Engaging Others (Monday, 18th Feb)
Today we got a short prototyping exercise: to prototype a situation, where foreign tourists end up in a place where they understand neither the language or signs and no brochures are available in their language. The purpose of this was to let an imaginable design team experience the situation and frustrations that a tourist might have in a foreign country where they are limited to communicating with the locals, ask for help and find that help themselves.
Below is a sketch of a map pointing to a destination where the tourist wants to go. The destination name is written in made-up characters. The tourist doesn’t know which direction and from which busstop to go in order to get there.
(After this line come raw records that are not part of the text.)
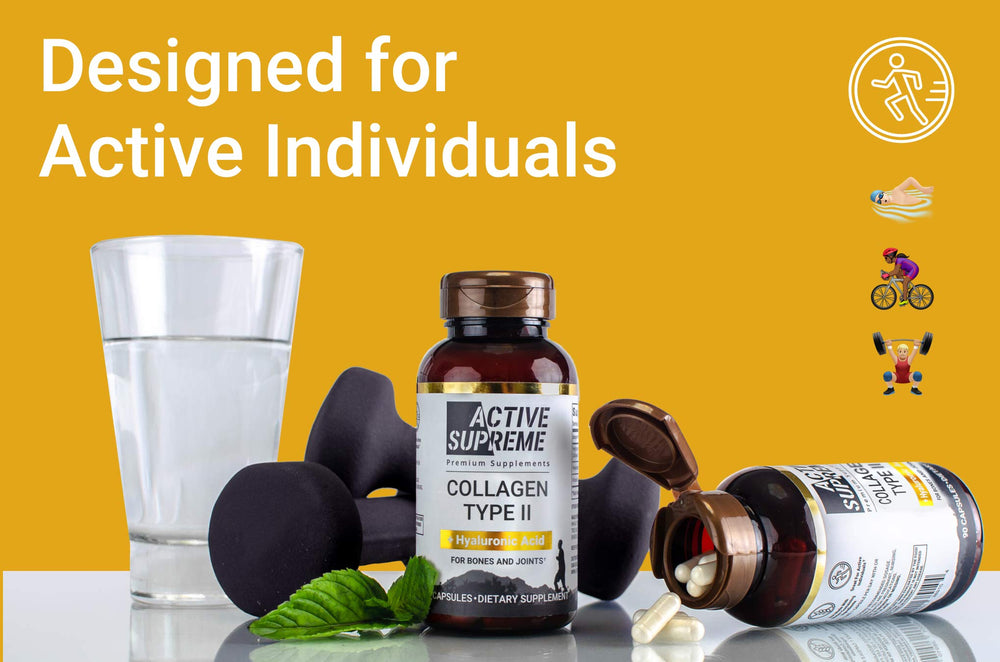 Active Supreme vitamin C label highlighting collagen synthesis support.
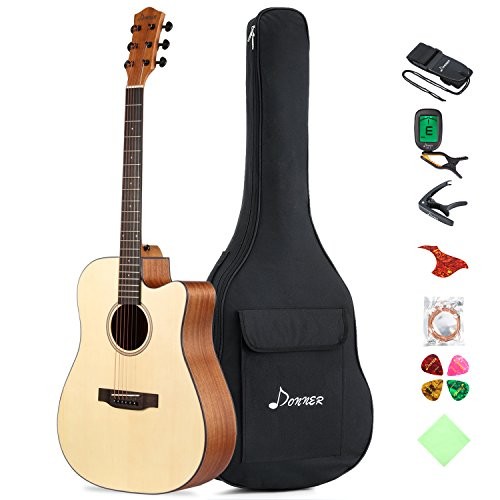 Donner DAG-1C Beginner Acoustic Guitar Full Size, 41" Cutaway Guitar Bundle with Gig Bag Tuner Capo Picks Strap String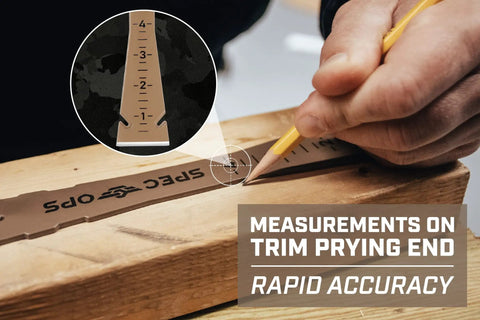Pro Grade 9.5 Inch Trim Bar And Pry Bar Set with ruler, high carbon steel, measuring wood, beveled edges, professional carpentry tool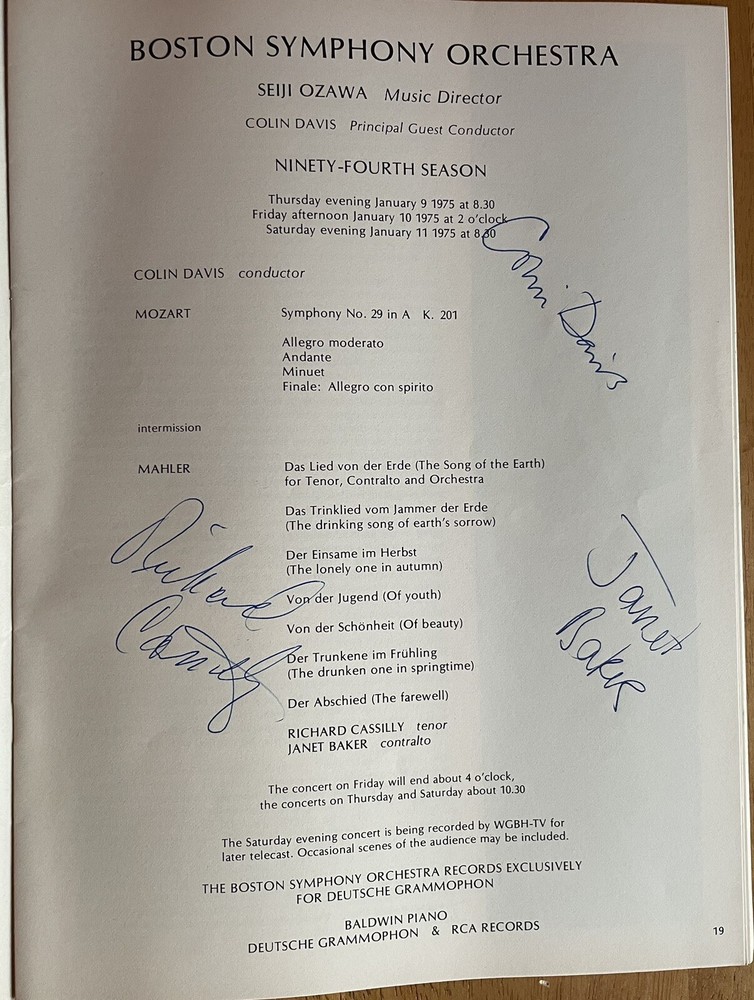 Boston Symphony Orchestra Autographed Program by Colin Davis, Baker & Cassilly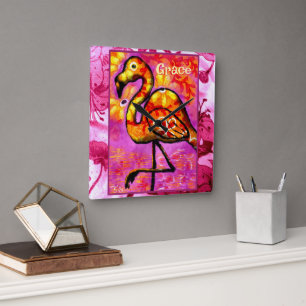 Whimsical Abstract Flamingo Bird Personalised Square Wall Clock
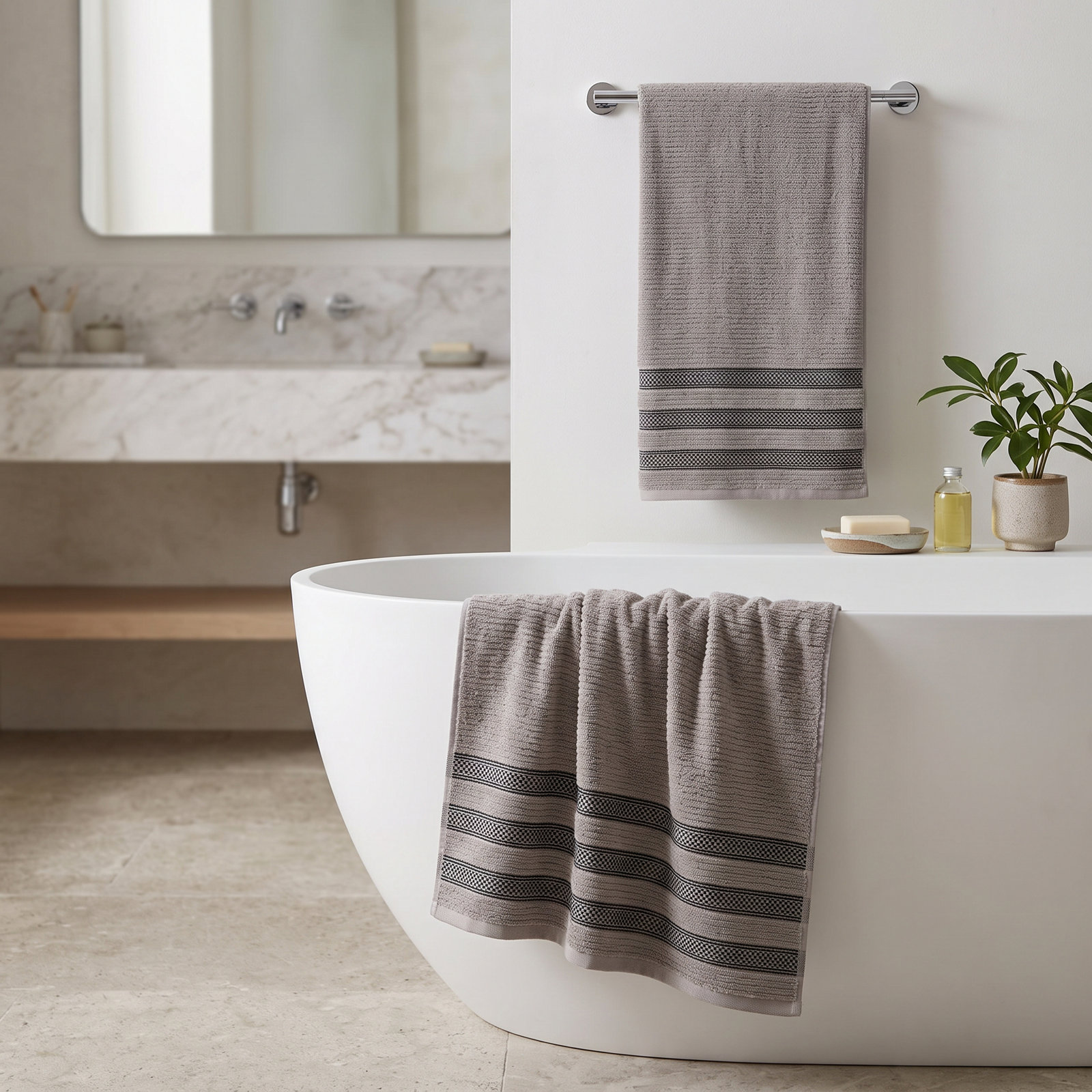 3-Piece Geometric Zero-Twist Cotton Towel Set, Gray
We tried to simulate the situation where two students were speaking their native languages and it was in fact difficult to establish any understanding between them:
A part of our group tested giving directions to each other in a language that the receiver doesn’t understand and then switching to emojis in order to make it easier, but an interesting thing happened: emojis differ in color between iPhone and Android, therefore the message was interpreted incorrectly. Meaning, the green emoji was sent to say “I am in a green cubicle”, when the received blue emoji was perceived as “it’s a snowflake, she is outside”:
This gave some valuable insight to the importance of avoiding any ambiguity from signs and how challenging it is actually to depict something that will be perceived the same way by people from any cultural background.
Another part of our group imagined the tourist to be in a museum and they made a little audio prototype as an audio guide about museums exhibits. Students listened to several languages that they don’t understand and tried to make sense from the information from some words that they might grasp.